• _Input records_:
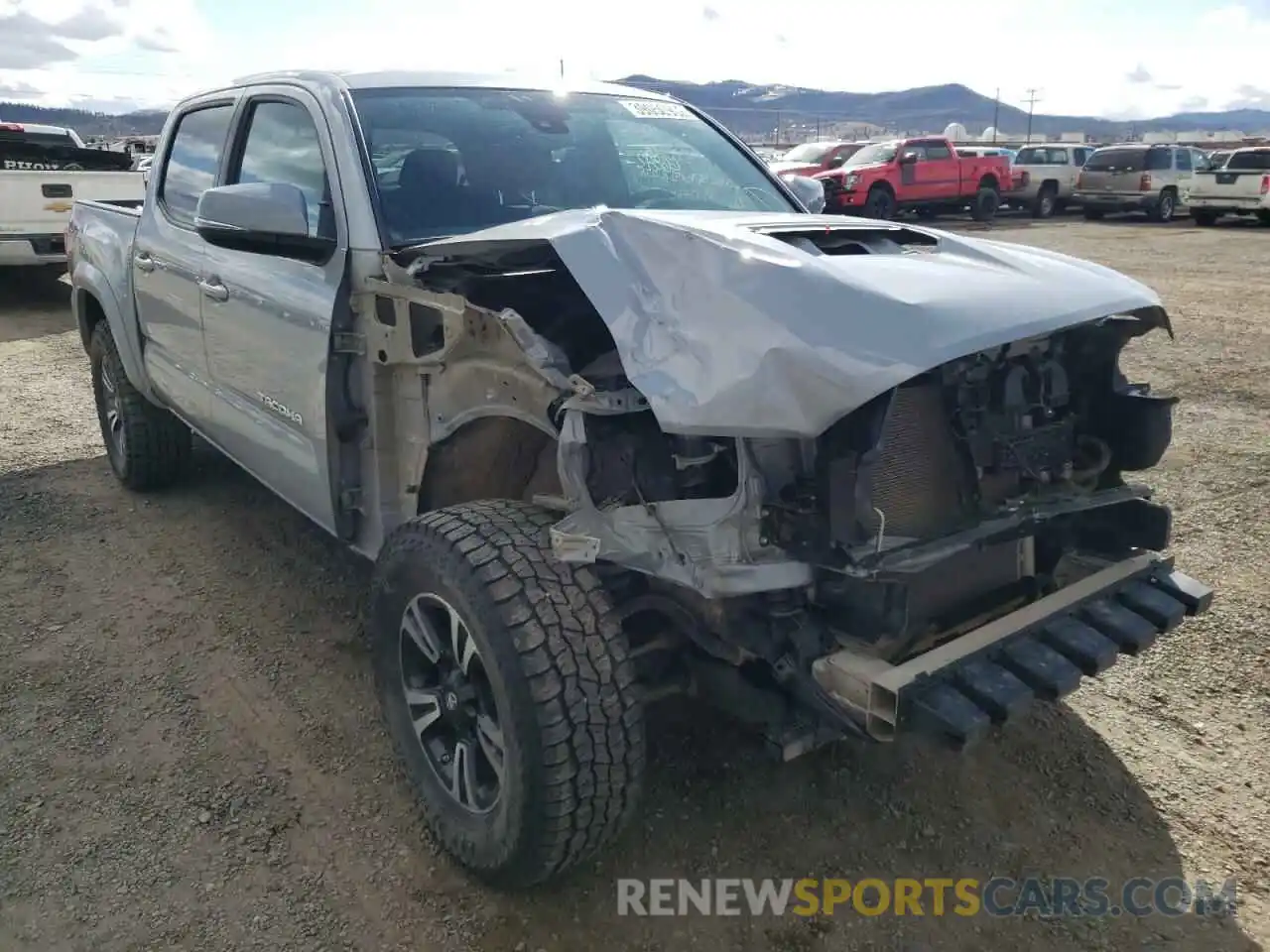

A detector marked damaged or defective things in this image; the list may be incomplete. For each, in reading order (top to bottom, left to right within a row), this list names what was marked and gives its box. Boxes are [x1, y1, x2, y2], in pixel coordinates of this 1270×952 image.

crumpled hood [413, 208, 1167, 438]
damaged front end [373, 208, 1214, 758]
crumpled bumper [814, 551, 1206, 750]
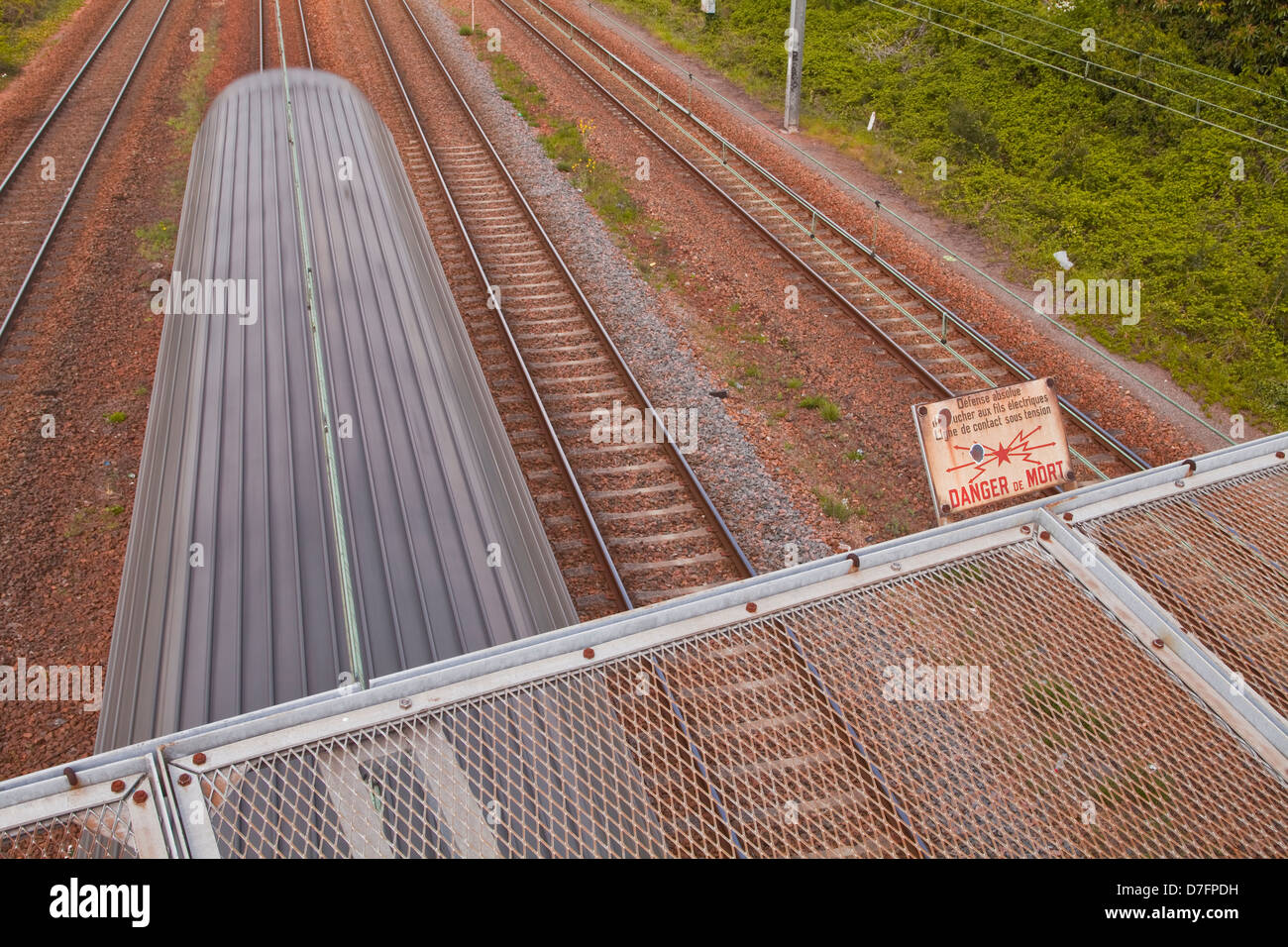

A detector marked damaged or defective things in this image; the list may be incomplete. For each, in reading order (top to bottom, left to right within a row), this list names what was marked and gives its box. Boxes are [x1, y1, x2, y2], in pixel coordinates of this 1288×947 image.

rusty sign [912, 376, 1070, 519]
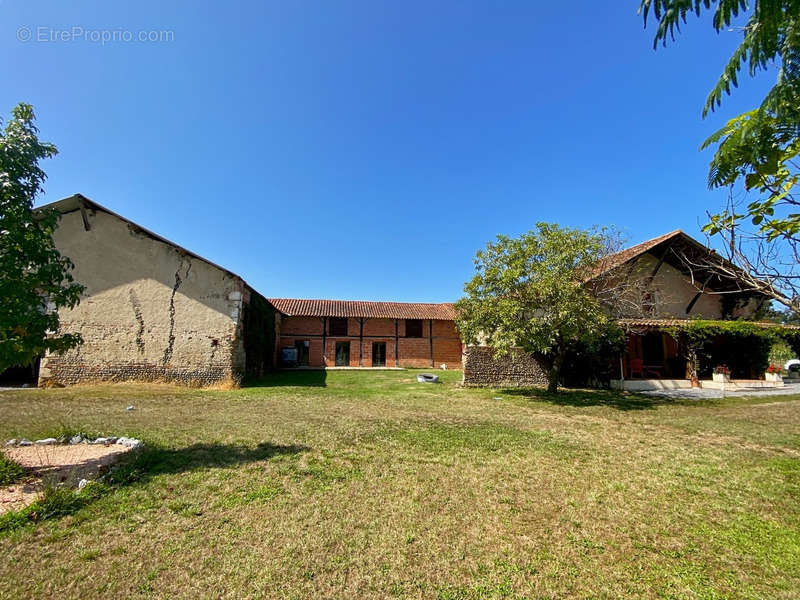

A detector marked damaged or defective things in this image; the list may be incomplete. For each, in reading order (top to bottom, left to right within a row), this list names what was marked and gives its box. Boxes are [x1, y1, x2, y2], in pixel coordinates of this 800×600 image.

cracked render wall [39, 206, 247, 384]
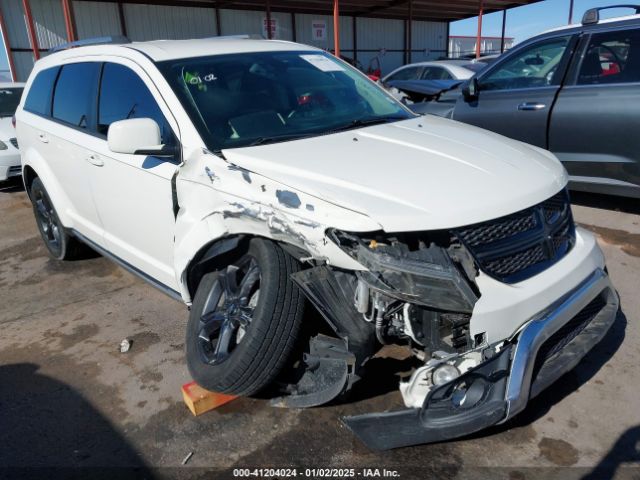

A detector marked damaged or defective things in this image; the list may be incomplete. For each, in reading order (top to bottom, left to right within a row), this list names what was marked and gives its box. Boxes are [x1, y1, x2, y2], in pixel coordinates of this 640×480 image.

crumpled hood [222, 114, 568, 231]
damaged headlight [330, 230, 480, 314]
damaged grille [452, 188, 576, 284]
crumpled front bumper [344, 270, 620, 450]
detached bumper cover [344, 268, 620, 452]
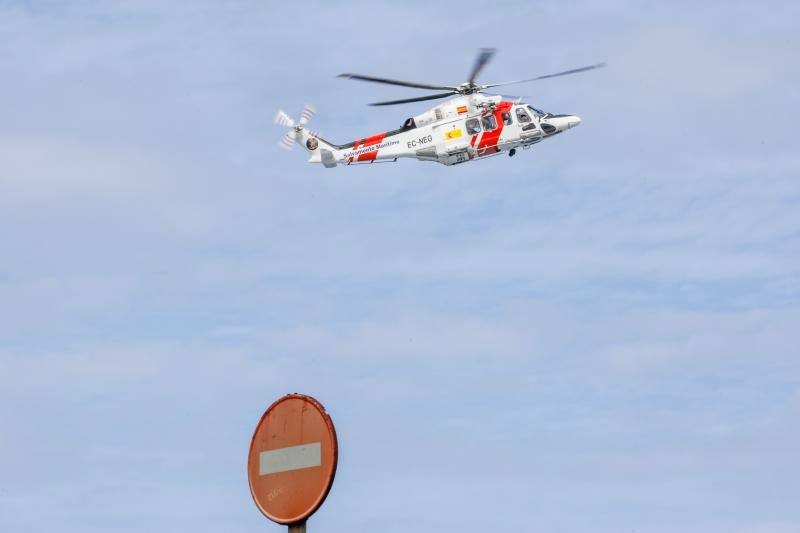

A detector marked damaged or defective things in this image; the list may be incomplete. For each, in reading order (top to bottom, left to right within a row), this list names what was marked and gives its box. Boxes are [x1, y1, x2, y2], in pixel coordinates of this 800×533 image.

rusty metal sign [248, 394, 340, 524]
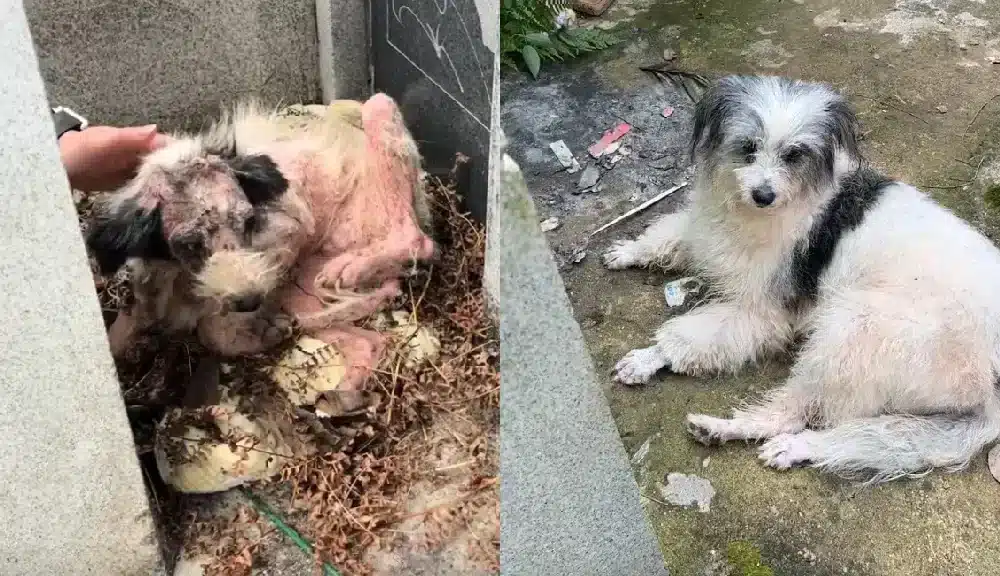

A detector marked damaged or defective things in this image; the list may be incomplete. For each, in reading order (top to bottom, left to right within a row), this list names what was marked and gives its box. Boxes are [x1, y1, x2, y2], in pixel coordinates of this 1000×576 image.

cracked concrete [504, 0, 1000, 572]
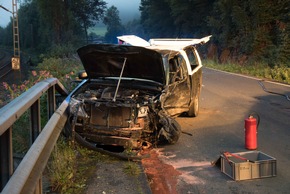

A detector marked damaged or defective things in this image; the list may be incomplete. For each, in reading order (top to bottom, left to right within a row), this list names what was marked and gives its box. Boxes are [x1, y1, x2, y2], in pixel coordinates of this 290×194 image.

damaged car hood [77, 44, 165, 84]
crashed vehicle [64, 34, 211, 156]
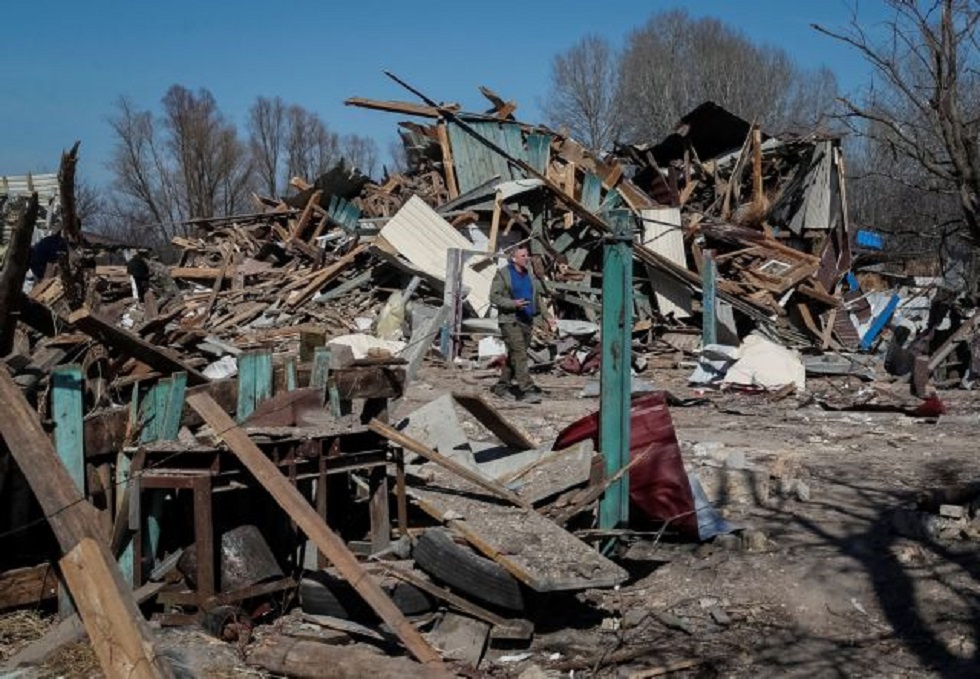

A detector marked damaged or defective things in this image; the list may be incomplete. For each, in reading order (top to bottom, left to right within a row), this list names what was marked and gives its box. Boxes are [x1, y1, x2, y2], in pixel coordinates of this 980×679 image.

splintered wooden beam [344, 97, 460, 118]
shattered plywood board [378, 194, 498, 316]
broken wooden plank [68, 306, 210, 386]
splintered wooden beam [68, 310, 210, 388]
broken wooden plank [0, 372, 171, 679]
splintered wooden beam [0, 372, 172, 679]
broken wooden plank [183, 394, 440, 668]
splintered wooden beam [188, 390, 440, 668]
broken wooden plank [368, 420, 532, 510]
splintered wooden beam [368, 420, 532, 510]
broken wooden plank [452, 394, 536, 452]
shattered plywood board [408, 464, 628, 592]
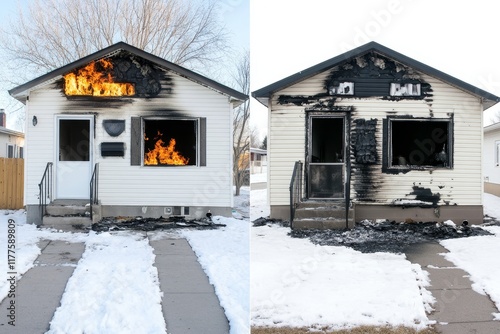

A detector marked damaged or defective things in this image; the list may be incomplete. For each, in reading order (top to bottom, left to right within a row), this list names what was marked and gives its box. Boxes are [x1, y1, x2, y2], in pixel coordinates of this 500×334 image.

burned house [8, 42, 247, 224]
broken window [143, 120, 197, 167]
burnt door frame [304, 112, 348, 201]
burned house [254, 41, 500, 228]
black burnt window frame [386, 116, 454, 171]
broken window [386, 118, 454, 170]
burnt debris on ground [92, 215, 227, 231]
charred debris pile [93, 215, 226, 231]
burnt debris on ground [254, 217, 496, 253]
charred debris pile [252, 217, 498, 253]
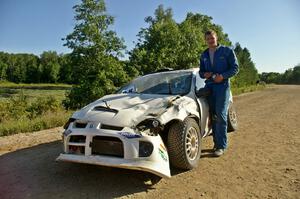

• _Work order_: Above are the records; set down exactly the lines from the line containing "this 500×334 image." through their last line, leaving every picture out.

• _Response for this exercise_:
A detector marked damaged or defective things in this image; the list may be incomplete. For each, in reading order (top to bottom, left to right within a row), this list names what was marked and gives its box. Boxes are [x1, y1, x2, y2], in pixel coordinates of this 500×334 image.

burned house [8, 42, 247, 224]
broken window [143, 120, 197, 167]
burnt door frame [304, 112, 348, 201]
burned house [254, 41, 500, 228]
black burnt window frame [386, 116, 454, 171]
broken window [386, 118, 454, 170]
burnt debris on ground [92, 215, 227, 231]
charred debris pile [93, 215, 226, 231]
burnt debris on ground [254, 217, 496, 253]
charred debris pile [252, 217, 498, 253]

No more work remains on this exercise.